Records shown
○ ○ ○ ○ ○
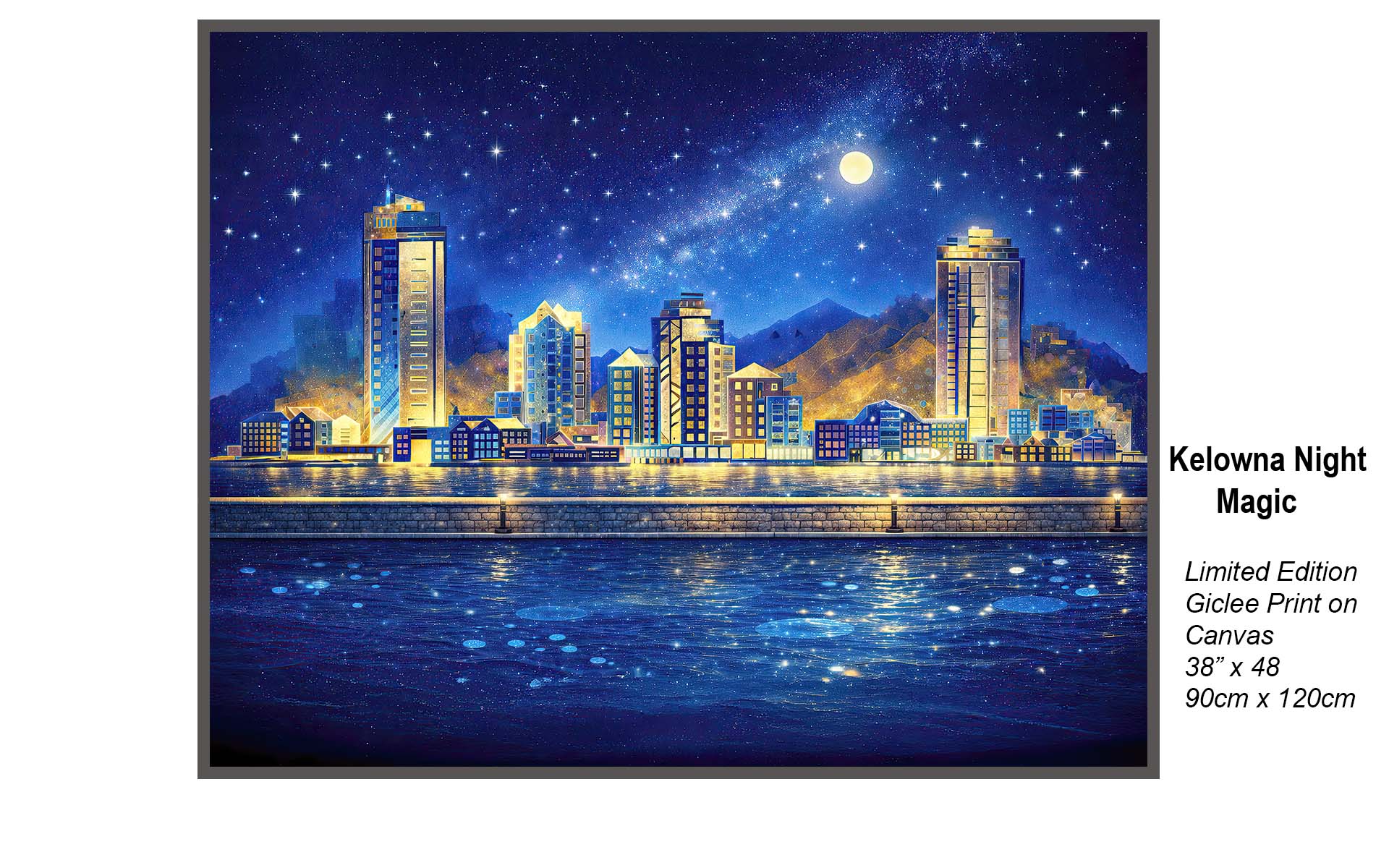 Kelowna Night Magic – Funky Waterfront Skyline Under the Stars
○ ○ ○ ○ ○
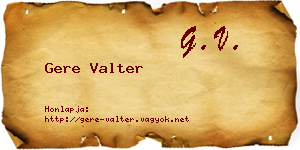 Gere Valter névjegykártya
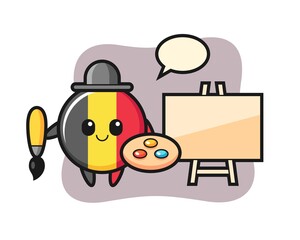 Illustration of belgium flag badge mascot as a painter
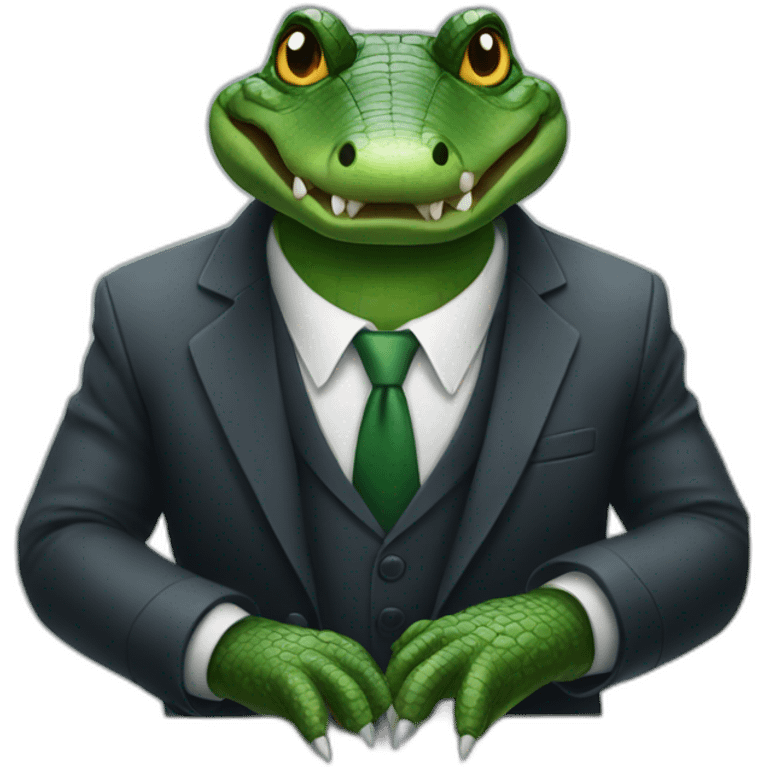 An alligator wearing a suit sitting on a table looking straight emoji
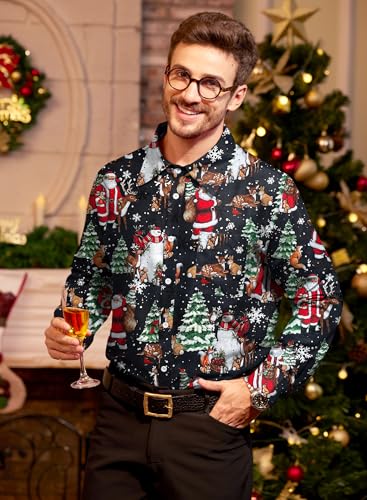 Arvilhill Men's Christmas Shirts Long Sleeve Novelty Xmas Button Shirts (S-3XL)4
○ ○ ○ ○ ○
Task requirements
With pictures omitted, repeat the entries above word for word from the line holding "Gere Valter névjegykártya" down to the line holding "Arvilhill Men's Christmas", keeping both of those lines.

Your solution
 Gere Valter névjegykártya
 Illustration of belgium flag badge mascot as a painter
 An alligator wearing a suit sitting on a table looking straight emoji
 Arvilhill Men's Christmas Shirts Long Sleeve Novelty Xmas Button Shirts (S-3XL)4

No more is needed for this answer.